Veltroni su Repubblica dice che il Pd non è né innovativo, né di sinistra. Sembra la Margherita, dice.

Altri commentatori scoprono che dopo quattro anni vissuti pericolosamente il centro-sinistra (dove il trattino sta per «meno») non esiste più: come se avessimo dovuto attendere il secondo turno delle elezioni di Pistoia per comprenderlo. Prima nessun indizio. Zero.

Tutti caduti dal pero e forse anche dal mitico ulivo, citato in continuazione proprio mentre lo si segava con una passione che nemmeno Dexter.

Altri ancora spiegano che Renzi non deve inseguire Prodi o allearsi con Pisapia, perché «Renzi deve fare Renzi». Come se Renzi non avesse fatto Renzi, in questi anni, su tutto, senza ascoltare nessuno. Il centro-sinistra è morto. Una prece.

Martina, che è stato già veltroniano e bersaniano e infine renziano, spiega che si deve «leggere la complessità del passaggio» (verso un altro leader da sostenere?).
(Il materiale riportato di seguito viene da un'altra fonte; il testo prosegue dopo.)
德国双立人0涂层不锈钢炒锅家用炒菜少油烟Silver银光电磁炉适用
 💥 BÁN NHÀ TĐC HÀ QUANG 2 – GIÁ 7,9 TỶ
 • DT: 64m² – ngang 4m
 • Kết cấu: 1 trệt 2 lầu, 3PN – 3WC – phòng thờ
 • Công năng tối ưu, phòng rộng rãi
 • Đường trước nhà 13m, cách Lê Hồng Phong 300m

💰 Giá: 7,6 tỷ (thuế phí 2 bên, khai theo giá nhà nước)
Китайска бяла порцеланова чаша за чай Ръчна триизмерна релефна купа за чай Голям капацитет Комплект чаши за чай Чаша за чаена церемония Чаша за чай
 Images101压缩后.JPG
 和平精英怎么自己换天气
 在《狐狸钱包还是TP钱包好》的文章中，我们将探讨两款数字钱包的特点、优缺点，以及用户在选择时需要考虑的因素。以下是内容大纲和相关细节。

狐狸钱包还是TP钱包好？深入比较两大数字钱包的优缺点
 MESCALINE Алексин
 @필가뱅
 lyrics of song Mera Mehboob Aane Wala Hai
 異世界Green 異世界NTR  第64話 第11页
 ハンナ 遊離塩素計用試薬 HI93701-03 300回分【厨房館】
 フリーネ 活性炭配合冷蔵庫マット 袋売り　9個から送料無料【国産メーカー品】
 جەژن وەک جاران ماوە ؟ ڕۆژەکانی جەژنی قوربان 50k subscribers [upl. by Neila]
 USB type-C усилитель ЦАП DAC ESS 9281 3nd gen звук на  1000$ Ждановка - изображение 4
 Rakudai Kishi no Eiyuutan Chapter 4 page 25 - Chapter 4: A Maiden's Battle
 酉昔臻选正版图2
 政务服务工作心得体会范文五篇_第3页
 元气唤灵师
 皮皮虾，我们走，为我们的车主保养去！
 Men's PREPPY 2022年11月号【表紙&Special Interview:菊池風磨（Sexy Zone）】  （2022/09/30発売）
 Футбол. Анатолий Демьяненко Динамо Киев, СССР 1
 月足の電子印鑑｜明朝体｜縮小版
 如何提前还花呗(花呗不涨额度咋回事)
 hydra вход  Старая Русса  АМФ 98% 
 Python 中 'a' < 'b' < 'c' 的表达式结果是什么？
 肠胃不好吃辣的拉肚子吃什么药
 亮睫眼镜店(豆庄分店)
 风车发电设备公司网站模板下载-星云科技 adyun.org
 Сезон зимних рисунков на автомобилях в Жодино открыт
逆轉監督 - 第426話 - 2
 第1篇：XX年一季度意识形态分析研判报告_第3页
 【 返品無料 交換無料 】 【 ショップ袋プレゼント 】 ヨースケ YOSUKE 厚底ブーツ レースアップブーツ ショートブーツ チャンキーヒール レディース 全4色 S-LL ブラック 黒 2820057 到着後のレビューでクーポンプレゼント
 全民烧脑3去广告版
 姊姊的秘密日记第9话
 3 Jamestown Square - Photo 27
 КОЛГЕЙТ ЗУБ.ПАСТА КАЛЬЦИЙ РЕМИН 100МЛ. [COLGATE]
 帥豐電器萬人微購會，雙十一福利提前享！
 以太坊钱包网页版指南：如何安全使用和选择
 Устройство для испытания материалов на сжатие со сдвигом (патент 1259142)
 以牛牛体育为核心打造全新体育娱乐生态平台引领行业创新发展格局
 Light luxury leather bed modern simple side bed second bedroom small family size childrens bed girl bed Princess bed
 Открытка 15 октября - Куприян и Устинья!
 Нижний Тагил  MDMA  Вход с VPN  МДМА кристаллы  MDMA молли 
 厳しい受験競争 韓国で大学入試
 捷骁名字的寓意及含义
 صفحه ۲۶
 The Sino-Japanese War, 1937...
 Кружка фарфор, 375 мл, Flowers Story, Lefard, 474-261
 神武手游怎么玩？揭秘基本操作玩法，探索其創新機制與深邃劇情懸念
Orlando riapre il congresso che ha appena perso esattamente su questo punto ovvero la negazione del centrosinistra che invece due mesi fa ha vinto largamente, nelle primarie del suo partito.

Ora, è tutto molto bello, ma il problema è ovviamente legato alle scelte politiche di questi anni, e anche allo stile, e al modo di gestire il potere, e financo di raccontare le cose. Non ci vuole il commissario Ingravallo per capirlo.

Faccio un esempio: mentre ci si accapigliava sui ballottaggi, è stata varata la «larga intesa» sulle banche da parte dello stesso governo (identico al precedente) che aveva rassicurato tutti sullo stato di salute delle banche italiane, invitando direttamente a investire in Mps, rinviando le decisioni a dopo il referendum (altrimenti lo avrebbero perso…), negando per anni tutto ciò che si sono poi ritrovati costretti a deliberare una domenica di giugno dell’ultimo anno della legislatura. E facendo pagare ai contribuenti le scelte sbagliate di un’intera classe dirigente, portandoci un po’ più vicini al baratro.

Per di più, oltre alla strategia (che era esattamente quella), si aggiunge la tattica di aver ingaggiato una rissa con il M5s su qualsiasi cosa capitasse, per poi chiedersi come mai i suoi elettori non corressero a votare il Pd al secondo turno. Veramente incredibile, non trovate?

Per non parlare del fatto che tutti i candidati sindaci renziani hanno preferito fare a meno del loro beniamino perché – a sentir loro – avrebbe fatto perdere loro voti e consensi: dalla personalizzazione alla spersonalizzazione. Il culto dell’impersonalità.

Infine tutti molto arroganti nella loro autosufficienza fino a quando i sondaggi li davano in testa – potrei citare molti casi, in proposito – e poi disperatamente alla ricerca di vecchi amici a sinistra tra primo e secondo turno.

Ora, possiamo tornare a parlare proprio di quelle scelte politiche da fare diversamente? In una forza di sinistra e di governo che non affronti in un modo così delirante le questioni? Proviamo a scrivere un manifesto politico e programmatico da condividere con le persone e a costruire qualcosa che abbia basi nuove? Associando chi condivide questa impostazione e mollando una volta per tutte quelli che non solo non la condividono per niente, ma addirittura la contrastano scientificamente?